*** Data for this task ***

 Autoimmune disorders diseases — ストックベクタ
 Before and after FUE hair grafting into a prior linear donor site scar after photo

*** End of Data for this task ***
*** Data for this task ***

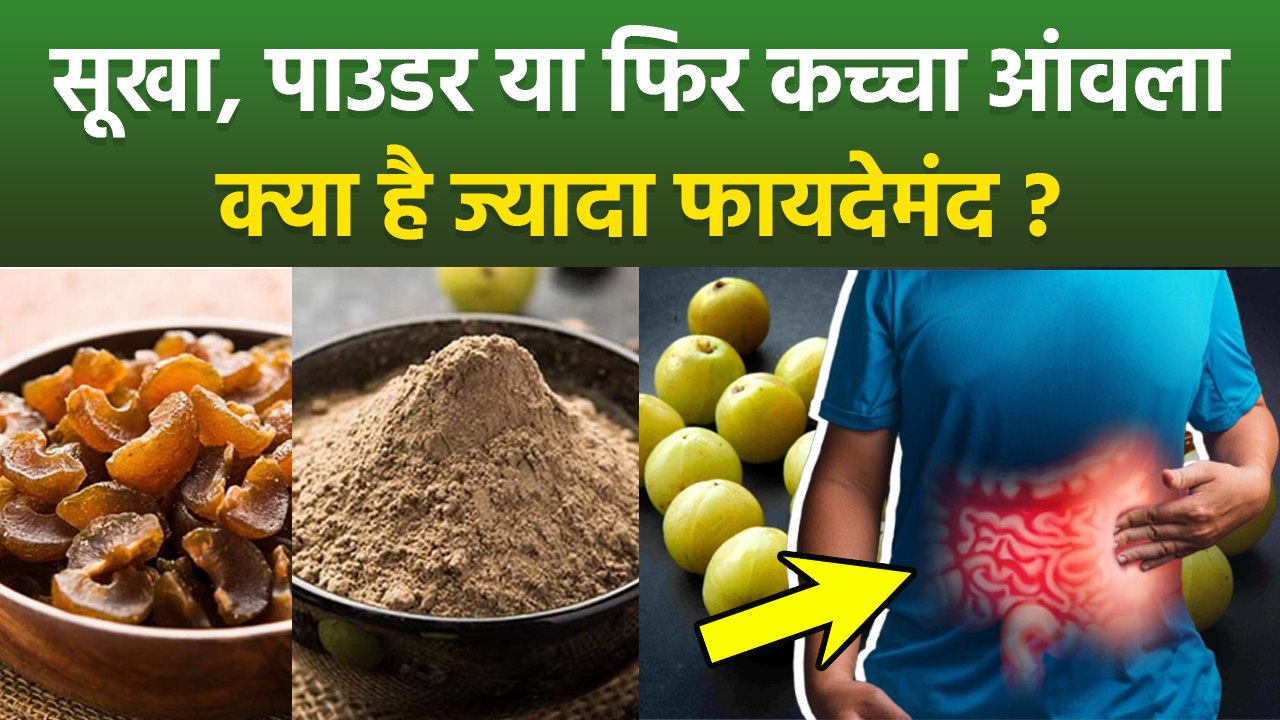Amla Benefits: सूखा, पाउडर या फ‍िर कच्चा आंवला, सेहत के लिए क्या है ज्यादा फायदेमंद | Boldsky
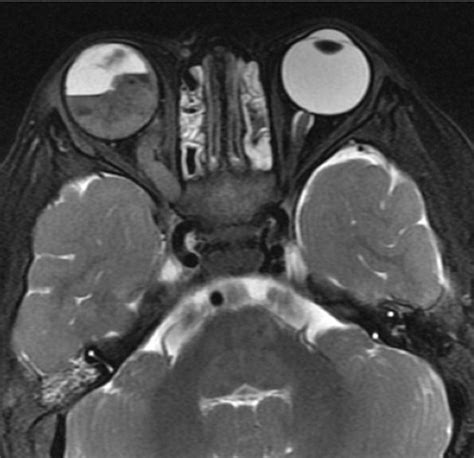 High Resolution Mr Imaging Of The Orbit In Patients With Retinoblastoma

*** End of Data for this task ***
*** Data for this task ***

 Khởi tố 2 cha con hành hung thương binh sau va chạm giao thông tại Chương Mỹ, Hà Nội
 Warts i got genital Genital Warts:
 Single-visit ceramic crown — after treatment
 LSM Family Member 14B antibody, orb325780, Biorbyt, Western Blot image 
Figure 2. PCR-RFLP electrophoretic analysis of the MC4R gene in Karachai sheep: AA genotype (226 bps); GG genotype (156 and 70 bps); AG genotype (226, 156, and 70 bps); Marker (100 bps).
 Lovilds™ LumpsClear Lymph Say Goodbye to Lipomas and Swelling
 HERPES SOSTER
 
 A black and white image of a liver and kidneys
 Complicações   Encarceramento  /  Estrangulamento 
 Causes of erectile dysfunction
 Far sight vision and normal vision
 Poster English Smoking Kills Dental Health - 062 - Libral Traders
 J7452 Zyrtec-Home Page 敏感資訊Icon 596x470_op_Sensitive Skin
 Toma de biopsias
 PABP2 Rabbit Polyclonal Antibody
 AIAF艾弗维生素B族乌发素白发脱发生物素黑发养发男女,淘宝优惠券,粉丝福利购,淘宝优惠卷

*** End of Data for this task ***

Exercise -
Here the output must be the lines above from the line with "Single-visit ceramic crown — after treatment" to the line with "HERPES SOSTER", both included, duplicated word for word and nothing else.

Answer to the exercise -
 Single-visit ceramic crown — after treatment
 LSM Family Member 14B antibody, orb325780, Biorbyt, Western Blot image 
Figure 2. PCR-RFLP electrophoretic analysis of the MC4R gene in Karachai sheep: AA genotype (226 bps); GG genotype (156 and 70 bps); AG genotype (226, 156, and 70 bps); Marker (100 bps).
 Lovilds™ LumpsClear Lymph Say Goodbye to Lipomas and Swelling
 HERPES SOSTER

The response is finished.